- Task directions: The entire listing, reproduced exactly and stripped of images, is the expected output.

- Information shown:
▽
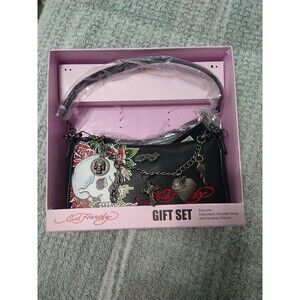 Ed Hardy Graphic Shoulder Bag Grunge Goth Punk Nwt Black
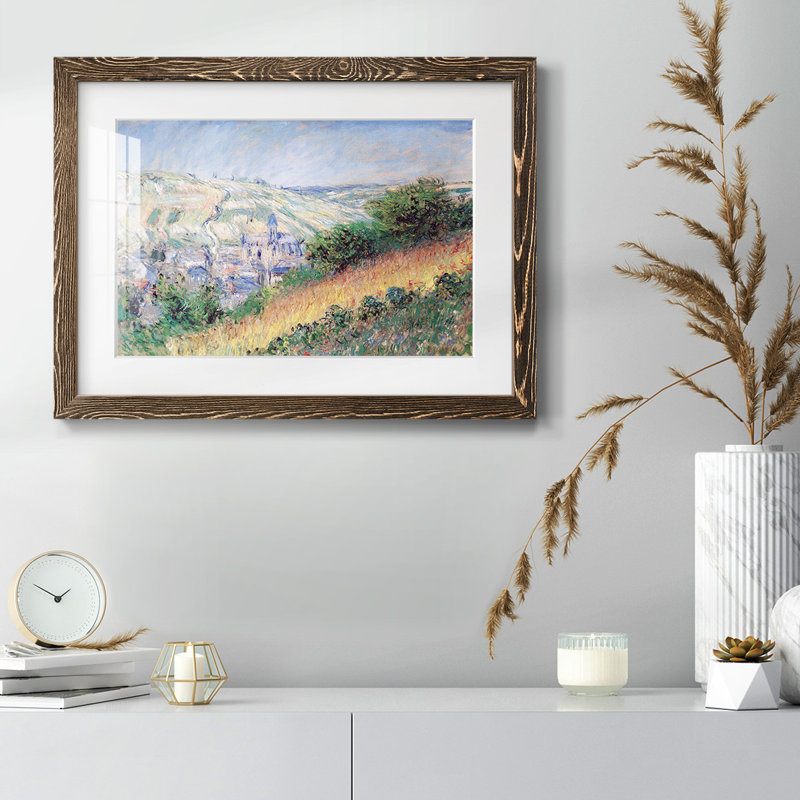 Vue de Vetheuil, impression sur papier encadrée, H 26 po x l 38 po, Noyer
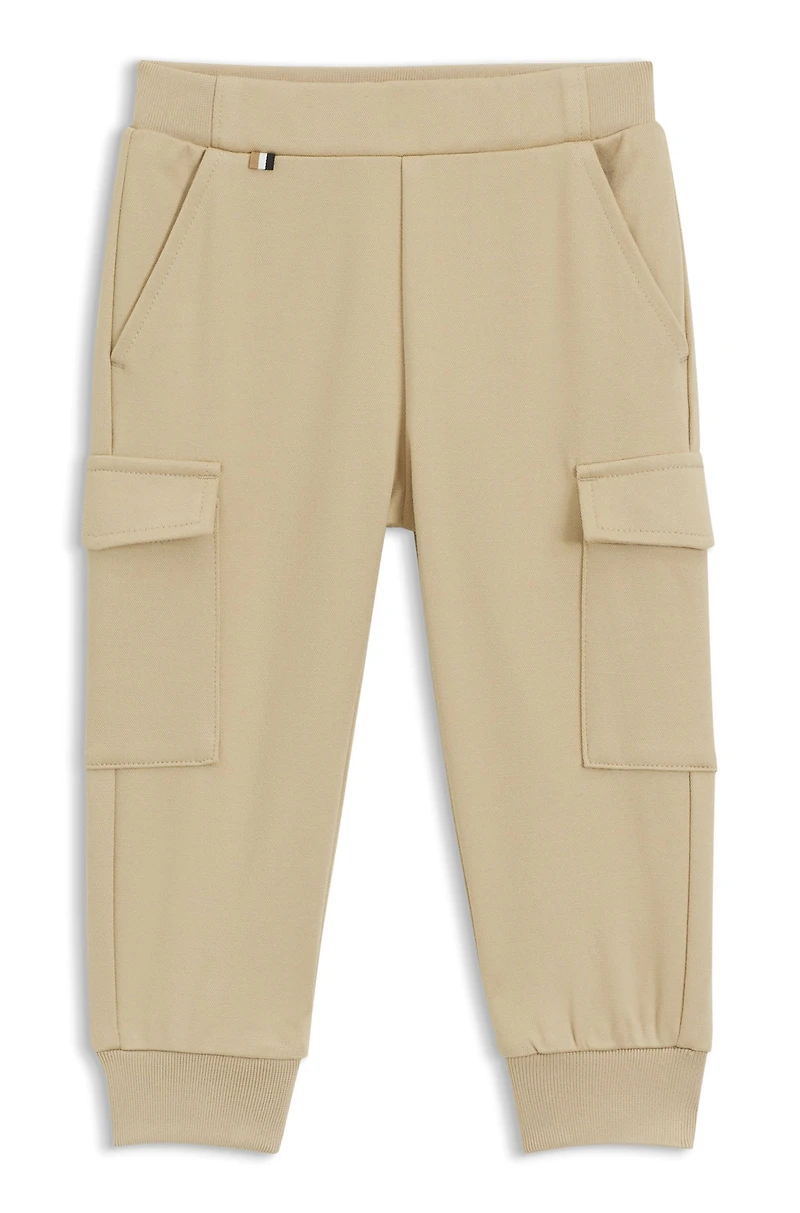 Kids' cargo trousers stretch piqué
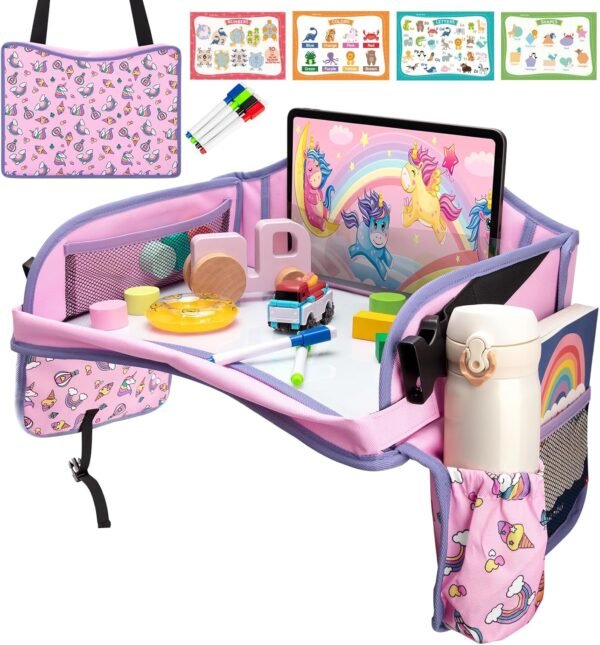 Blissful Diary Travel Tray for Kids Car Seat, Toddler Road Trip Essentials with Drawing Kit, Carseat Tray for Children Travel, Road Trip Must Haves for Kids, Pink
△
- Exercise response:
 Ed Hardy Graphic Shoulder Bag Grunge Goth Punk Nwt Black
 Vue de Vetheuil, impression sur papier encadrée, H 26 po x l 38 po, Noyer
 Kids' cargo trousers stretch piqué
 Blissful Diary Travel Tray for Kids Car Seat, Toddler Road Trip Essentials with Drawing Kit, Carseat Tray for Children Travel, Road Trip Must Haves for Kids, Pink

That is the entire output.